TASK GOAL:
All that is wanted is the line with "Stephen Curry Warriors" and each line after it to the end of the data below, set down exactly and without pictures.

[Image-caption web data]
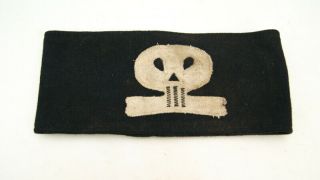 Wwi German Frei Corps Pz Armband,  Orig,  Exc,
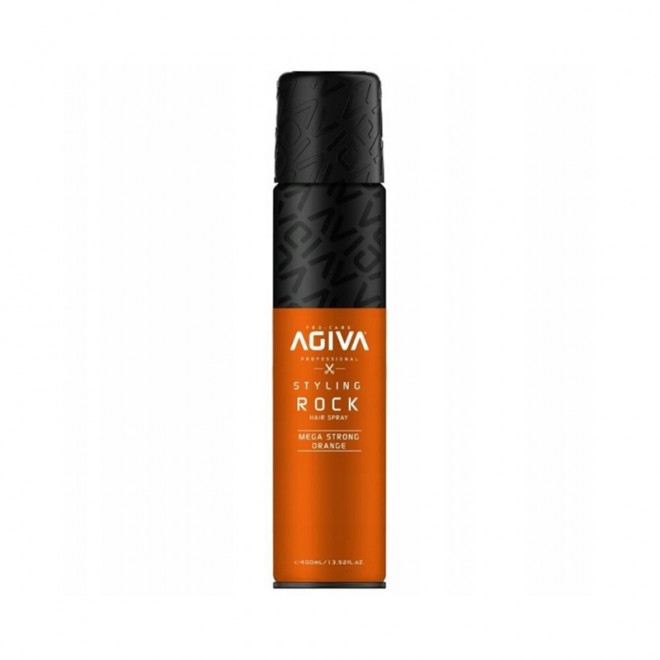 Lakier do włosów Agiva lakier Rock  ORANGE 400ml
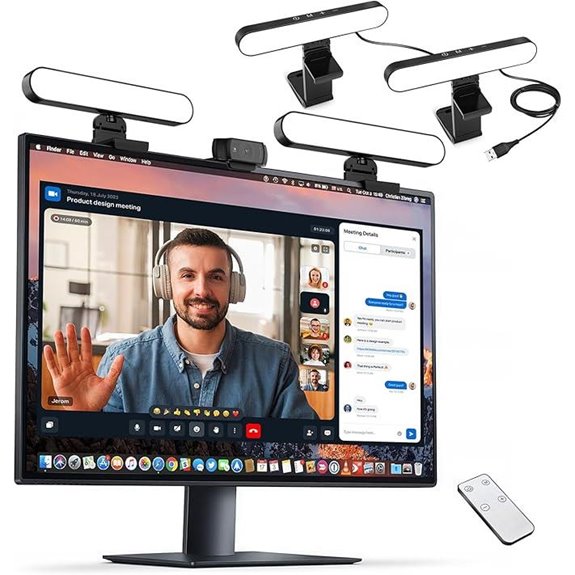 yAyusi Dual-lamp Video Conference Ring Light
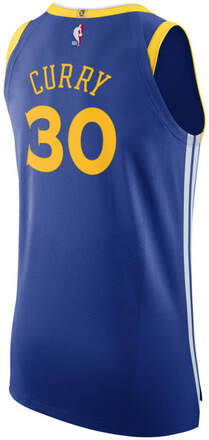Stephen Curry Warriors Icon Edition Nike NBA Authentic Jersey - Blue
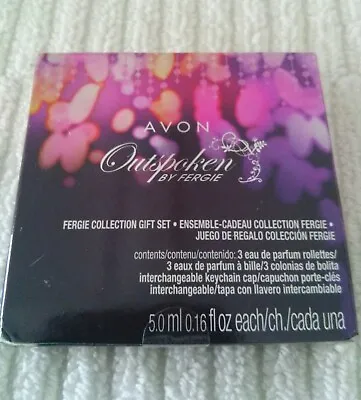 Avon Fergie Collection Gift Set EDP Rollettes Intense Viva Outspoken NEW NIB • $22.50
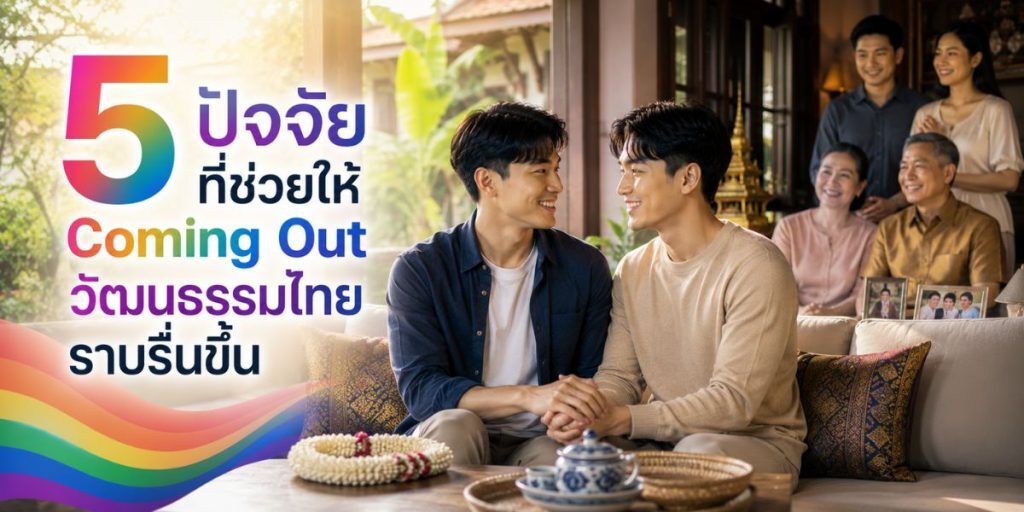 5 ปัจจัยที่ช่วยให้ Coming Out วัฒนธรรมไทย ราบรื่นขึ้น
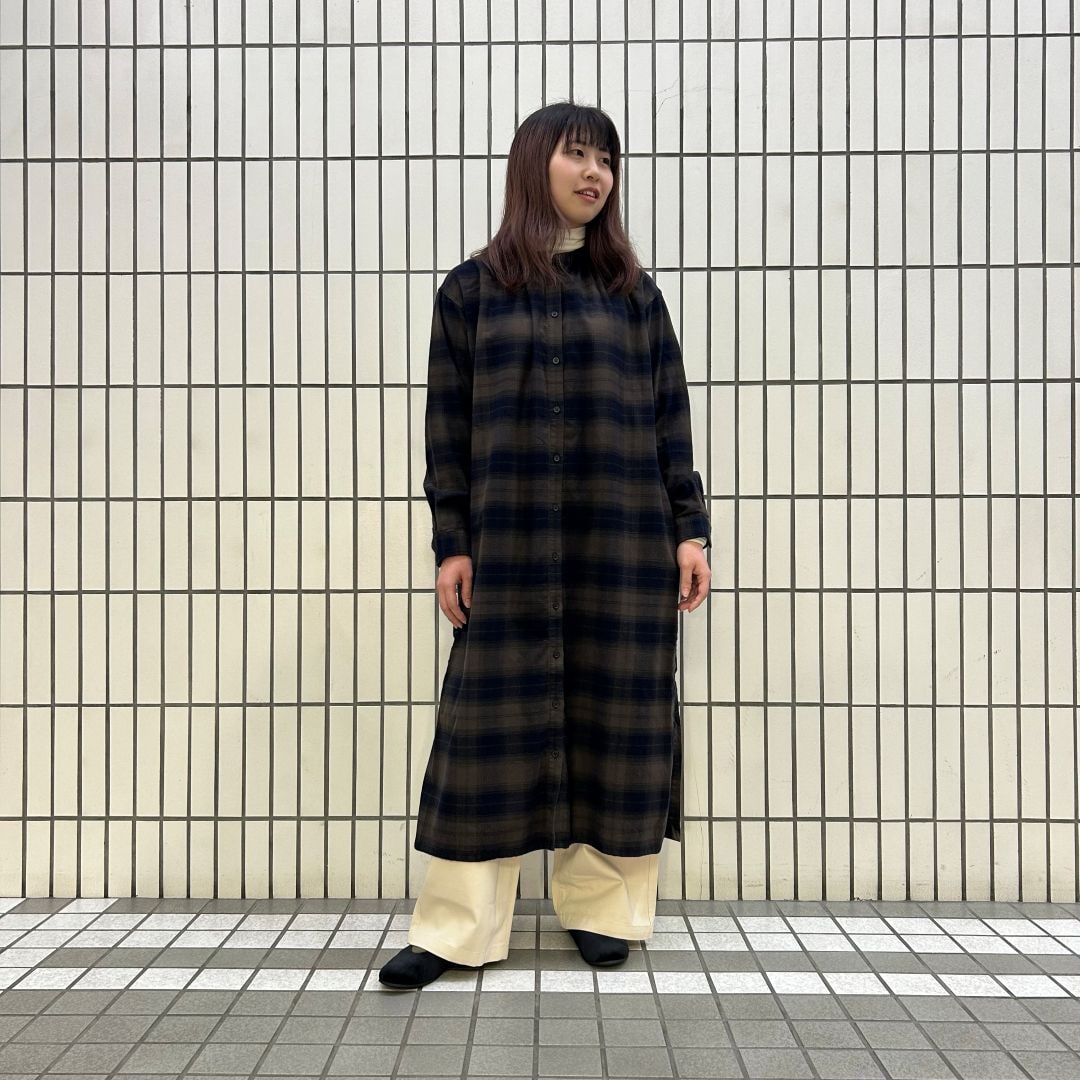 婦人フランネルワンピース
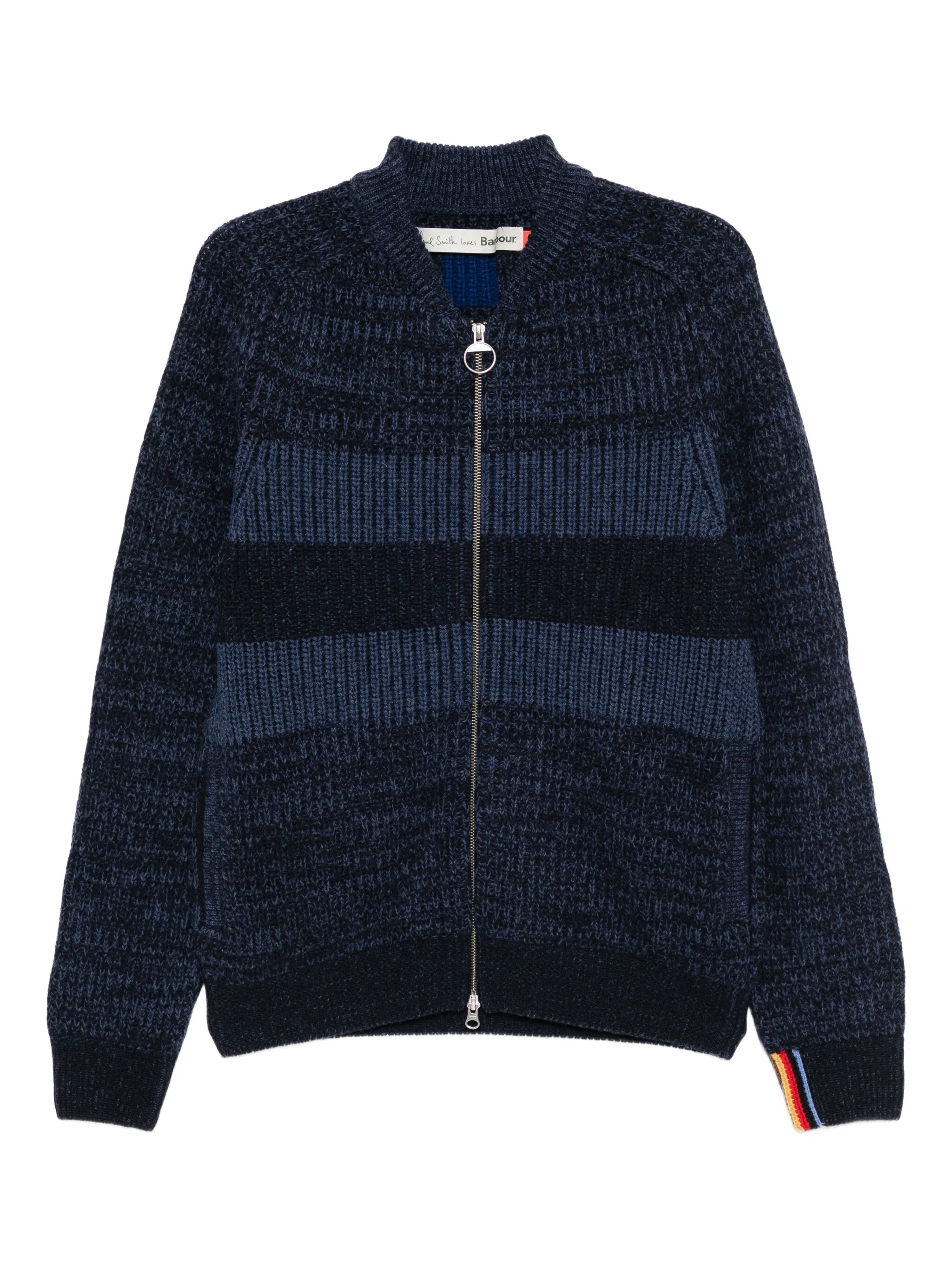 

Кардиган из коллаборации с Paul Smith Barbour, синий
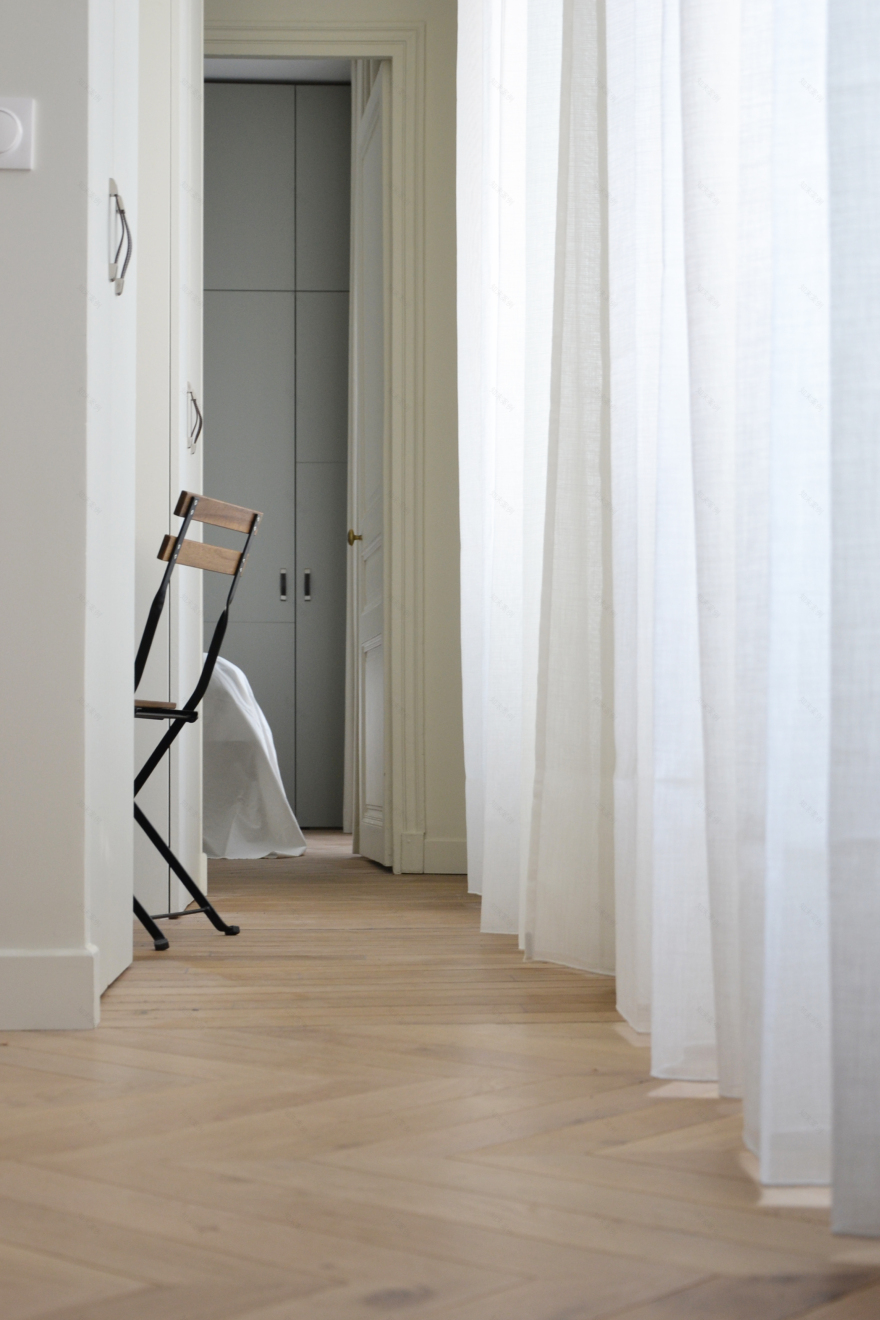 巴黎高端公寓翻新记 | 优化空间,提升品质-11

WRITTEN RESPONSE:
Stephen Curry Warriors Icon Edition Nike NBA Authentic Jersey - Blue
 Avon Fergie Collection Gift Set EDP Rollettes Intense Viva Outspoken NEW NIB • $22.50
 5 ปัจจัยที่ช่วยให้ Coming Out วัฒนธรรมไทย ราบรื่นขึ้น
 婦人フランネルワンピース

Кардиган из коллаборации с Paul Smith Barbour, синий
 巴黎高端公寓翻新记 | 优化空间,提升品质-11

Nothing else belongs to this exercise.